#### [What to work on]
Transcribe the whole listing below without changing a word, but leave out every image.

START Data

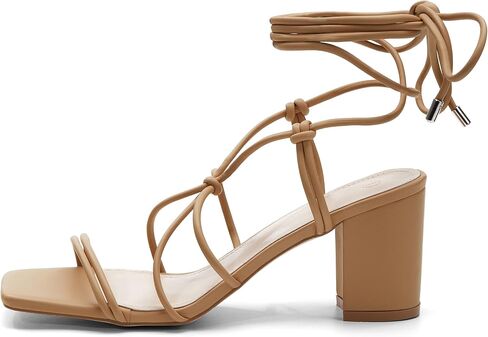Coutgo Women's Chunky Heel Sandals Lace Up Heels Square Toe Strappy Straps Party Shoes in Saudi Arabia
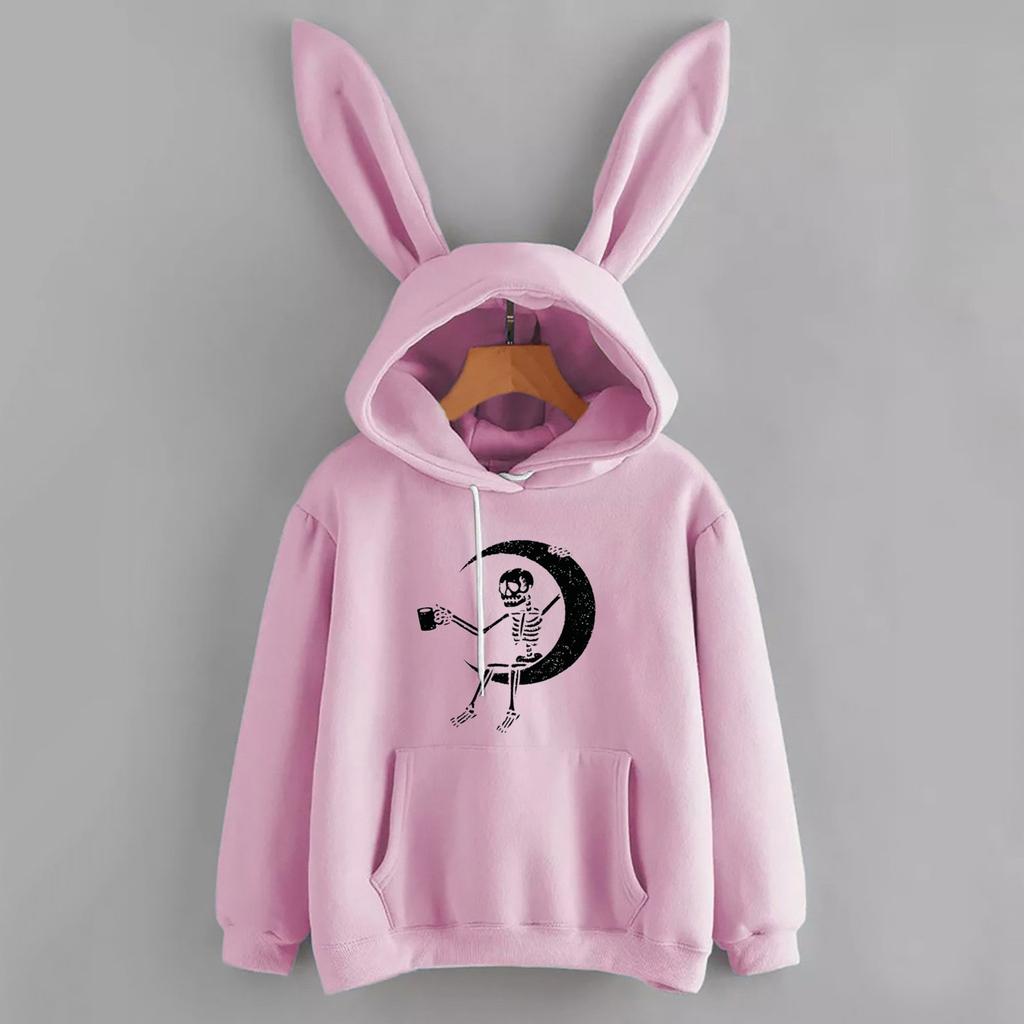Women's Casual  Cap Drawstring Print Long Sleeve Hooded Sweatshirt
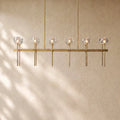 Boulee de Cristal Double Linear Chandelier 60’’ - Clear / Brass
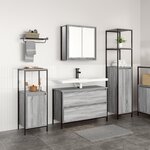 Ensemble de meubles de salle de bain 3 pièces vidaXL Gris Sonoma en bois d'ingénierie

END Data

#### [Answer section]
Coutgo Women's Chunky Heel Sandals Lace Up Heels Square Toe Strappy Straps Party Shoes in Saudi Arabia
Women's Casual  Cap Drawstring Print Long Sleeve Hooded Sweatshirt
 Boulee de Cristal Double Linear Chandelier 60’’ - Clear / Brass
 Ensemble de meubles de salle de bain 3 pièces vidaXL Gris Sonoma en bois d'ingénierie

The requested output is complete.